_What you will do:_ Each line in the material below, starting at the one that contains "HuggingFace Hub Physical" and ending at the one that contains "ferrari sf silicone case for iphone xr red", should be repeated exactly; the pictures should not.

_Entries supplied:_
***
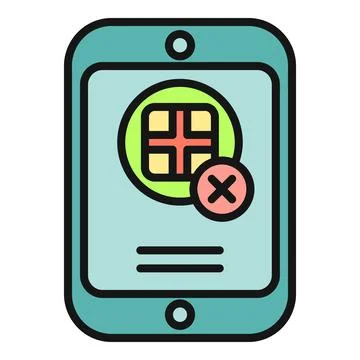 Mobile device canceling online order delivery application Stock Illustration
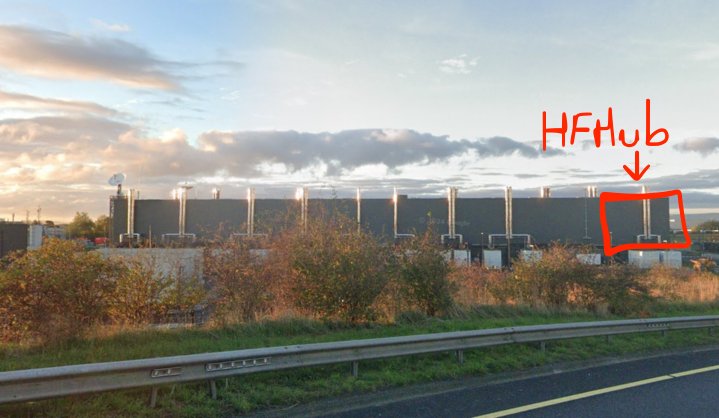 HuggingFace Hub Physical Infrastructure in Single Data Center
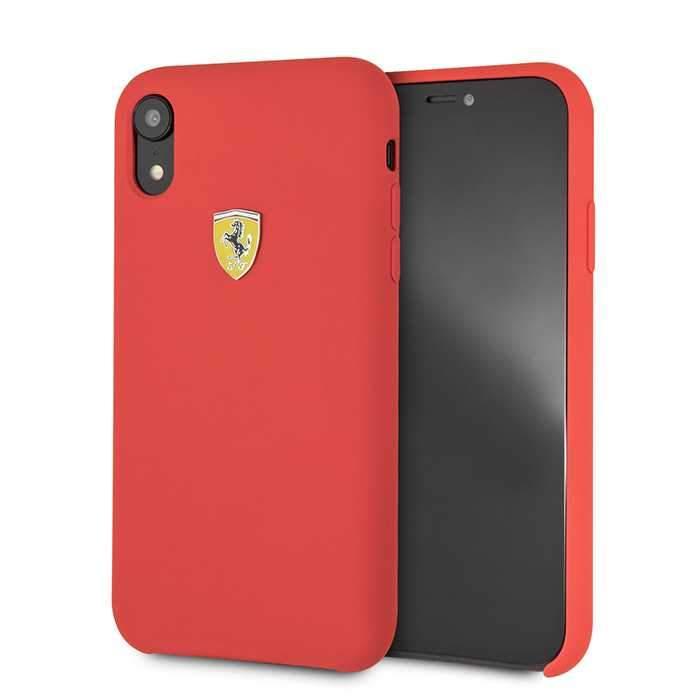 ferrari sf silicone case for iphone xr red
***
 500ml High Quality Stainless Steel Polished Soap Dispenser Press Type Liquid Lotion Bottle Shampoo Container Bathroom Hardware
***
_Response:_
 HuggingFace Hub Physical Infrastructure in Single Data Center
 ferrari sf silicone case for iphone xr red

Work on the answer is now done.